Video shuttle - Part one: Background information and theory
Material covered in this part
Background information and theory
Approaches to the problem, and what won't work
How to successfully implement it
Details we will overlook
Introduction
For the third installment of this real programming series, we'll create another visual effect. This time we'll tackle video rewind and shuttle effects, creating artificial noise bars over our set of background images. This is a useful effect in video production for showing time advancing, or an instant replay of material just shown. Since the size and movement of the noise bars is relative to the speed and direction of the tape, it's a useful sub-concious visual clue as to how quickly things are being sped up.
As always, our code will be written from first principles, in pure procedural C without recourse to third-party libraries. We'll focus on making the effect realistic by simulating the real process that creates it. This will help to ensure that we reproduce some of the more subtle nuances which would likely be lost if we simply tried to create the effect visually. Altogether, the source code will only be about 500 lines, or about 20 kilobytes. Let's get going!
Background information and theory
First, we need to establish what exactly we are trying to re-create. I'm going to assume that you're at least somewhat familiar with the concepts of analogue videotape recorders. If you've never used, or seen the output from one at all, then you might want to do some of your own research to get a foundation first before continuing.
Assuming that you have used this equipment, either in a domestic home or professional setting, you'll know that with a few exceptions, most videotape recorders will display noise of varying degrees on the picture, if the playback is at anything other than normal speed. Unless steps have been taken to reduce or inhibit the noise, as the tape is shuttled forwards and backwards at increasingly higher speeds, the noise bars become thinner and there are more of them.
Domestic VCRs will usually display actual noise, snow, or shash, and mute the audio whilst in shuttle.
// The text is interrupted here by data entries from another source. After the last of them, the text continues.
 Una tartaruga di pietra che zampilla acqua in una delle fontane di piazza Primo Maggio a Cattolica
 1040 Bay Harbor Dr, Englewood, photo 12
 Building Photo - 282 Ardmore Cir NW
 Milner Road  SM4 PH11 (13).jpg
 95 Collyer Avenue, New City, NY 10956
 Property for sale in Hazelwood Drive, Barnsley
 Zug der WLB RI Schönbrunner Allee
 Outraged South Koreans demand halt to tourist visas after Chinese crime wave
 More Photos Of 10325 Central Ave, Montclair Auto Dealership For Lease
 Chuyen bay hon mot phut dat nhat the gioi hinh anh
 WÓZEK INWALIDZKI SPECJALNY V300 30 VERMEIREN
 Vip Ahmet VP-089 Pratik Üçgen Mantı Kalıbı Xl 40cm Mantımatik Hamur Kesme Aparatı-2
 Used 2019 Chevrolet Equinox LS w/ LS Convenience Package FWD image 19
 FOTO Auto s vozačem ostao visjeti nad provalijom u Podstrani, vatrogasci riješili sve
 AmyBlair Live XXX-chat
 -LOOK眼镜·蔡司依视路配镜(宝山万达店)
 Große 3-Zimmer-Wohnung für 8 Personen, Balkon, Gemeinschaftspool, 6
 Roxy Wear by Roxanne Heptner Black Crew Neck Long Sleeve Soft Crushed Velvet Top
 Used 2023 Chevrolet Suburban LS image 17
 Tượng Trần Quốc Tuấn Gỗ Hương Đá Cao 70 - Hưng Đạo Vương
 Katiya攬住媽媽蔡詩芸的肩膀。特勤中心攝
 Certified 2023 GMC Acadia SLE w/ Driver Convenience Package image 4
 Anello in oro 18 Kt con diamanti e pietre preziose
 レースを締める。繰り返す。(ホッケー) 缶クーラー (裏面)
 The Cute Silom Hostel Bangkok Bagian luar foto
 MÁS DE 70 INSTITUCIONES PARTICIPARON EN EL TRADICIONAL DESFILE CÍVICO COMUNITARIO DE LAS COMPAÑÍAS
Professional equipment will often display a solid white bar, and leave the audio unmuted. We can easily re-create both effects in the same program. To do so, we need to understand where the effect comes from and by extension, what we will need to simulate to re-create it.
The vast majority of cassette videotape recording formats that have enjoyed widespread use since the late 1970s, have used a track layout known as helican scan, were each field of the video signal is recorded as a diagonal stripe across the width of the tape. Open-reel video recorders may use other scanning techniques, some of which impart their own interesting artifacts to the picture, specific to that format. For the purposes of this project, though, we'll concentrate on modelling the process of reading back the video signal from a tape recorded with helical scan tracks.
We can visualise the recording as a series of diagonal lines across the tape. The video heads sweep the same sort of path in a similar diagonal motion, picking up whatever signal is underneath them at the time. In early systems, there was a space of unrecorded tape between each track, to reduce cross-talk interference from adjacent signals. This was somewhat wasteful of tape, so in later systems the unused space was reduced or even eliminated altogether and instead the angles of the heads were offset from each other with different azimuths, again to reduce crosstalk. Both approaches effectively achieve the same end result, in that at normal playback speed, each head only sees the signals it's intended to see. For our simulation we can happily use the simpler unrecorded guard band approach and achieve the desired result. We don't particularly need to simulate different head azimuths.
The key point to take home, with regards to what causes the noise bars, is that at normal playback speed the video heads will move diagonally across the tape directly in line with a single recorded track. By the time the active head has reached the top of the tape and read the last line, the tape will have advanced just enough such that the beginning of the next track is in place for the next head to read it. All of the lines of the field being replayed will come from the same field recorded on the tape. At any other playback speed, this is not going to happen.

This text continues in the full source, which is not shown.